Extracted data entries
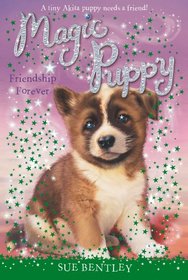 Friendship Forever #10 (Magic Puppy)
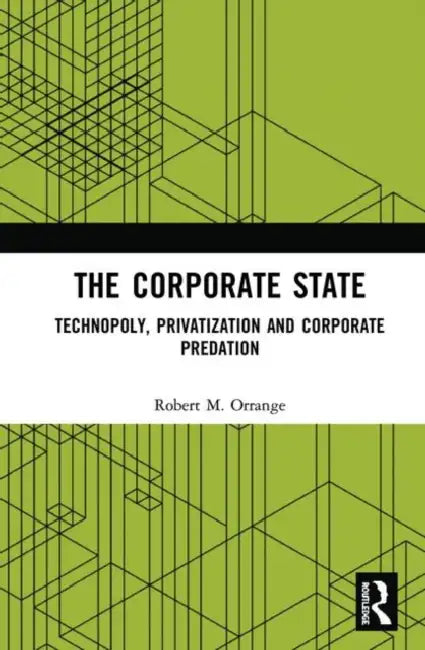 Buy The Corporate State (English, Orrange Robert) Online at Best Price - BookBajar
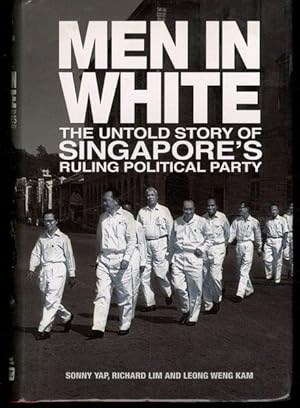 Seller image for Men in White: The Untold Story of Singapore's Ruling Political Party for sale by Lavendier Books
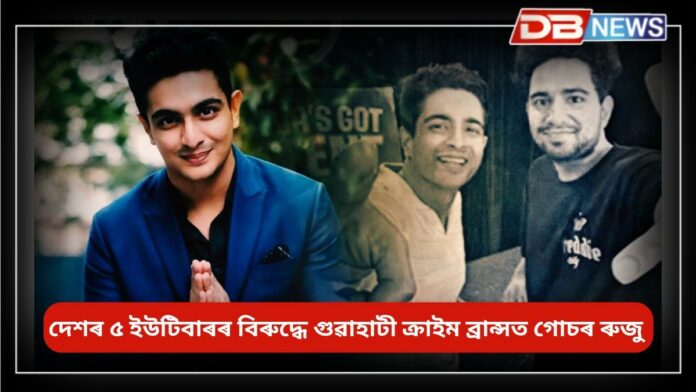 Youtubers: দেশৰ ৫ ইউটিবাৰৰ বিৰুদ্ধে গুৱাহাটী ক্ৰাইম ব্ৰান্সত গোচৰ ৰুজু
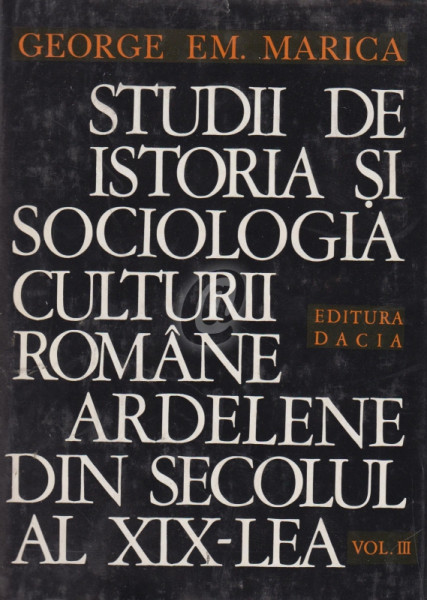 Studii de istoria şi sociologia culturii române ardelene din secolul al XIX-lea Vol. 3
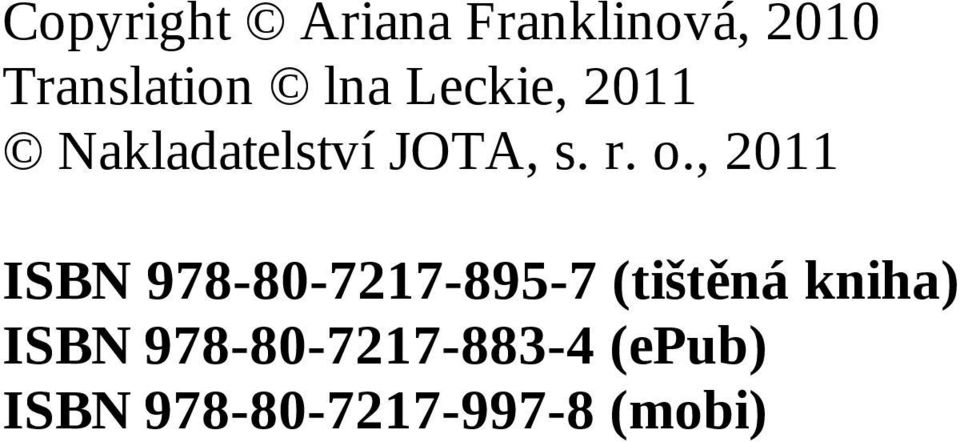 , 2011 ISBN 978-80-7217-895-7 (tištěná kniha)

> **What needs to be done**: Leaving the pictures out, give again word for word each line from the one holding "Youtubers: দেশৰ ৫" through the end of the records.

> **Problem solution**:
 Youtubers: দেশৰ ৫ ইউটিবাৰৰ বিৰুদ্ধে গুৱাহাটী ক্ৰাইম ব্ৰান্সত গোচৰ ৰুজু
 Studii de istoria şi sociologia culturii române ardelene din secolul al XIX-lea Vol. 3
 , 2011 ISBN 978-80-7217-895-7 (tištěná kniha)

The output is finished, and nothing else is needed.